■ AIM OF THE EXERCISE: Your task is to find every line of the data that holds the string "Exterior" and copy it.

■ Dataset items:
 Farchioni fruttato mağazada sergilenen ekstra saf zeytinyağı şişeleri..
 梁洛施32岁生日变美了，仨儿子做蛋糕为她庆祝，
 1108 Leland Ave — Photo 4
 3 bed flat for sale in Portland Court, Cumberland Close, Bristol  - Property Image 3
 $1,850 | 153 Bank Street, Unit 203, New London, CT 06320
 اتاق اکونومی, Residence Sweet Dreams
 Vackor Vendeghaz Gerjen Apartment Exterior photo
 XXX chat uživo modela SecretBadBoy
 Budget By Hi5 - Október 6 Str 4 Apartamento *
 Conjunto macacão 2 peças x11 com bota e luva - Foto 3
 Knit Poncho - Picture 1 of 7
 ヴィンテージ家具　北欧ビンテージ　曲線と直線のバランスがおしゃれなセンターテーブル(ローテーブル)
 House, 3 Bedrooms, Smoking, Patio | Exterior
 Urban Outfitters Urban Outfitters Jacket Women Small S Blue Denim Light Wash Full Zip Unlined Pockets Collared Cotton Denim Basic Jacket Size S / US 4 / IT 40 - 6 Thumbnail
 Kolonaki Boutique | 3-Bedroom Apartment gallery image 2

■ OUTPUT OF THE TASK:
 Vackor Vendeghaz Gerjen Apartment Exterior photo
 House, 3 Bedrooms, Smoking, Patio | Exterior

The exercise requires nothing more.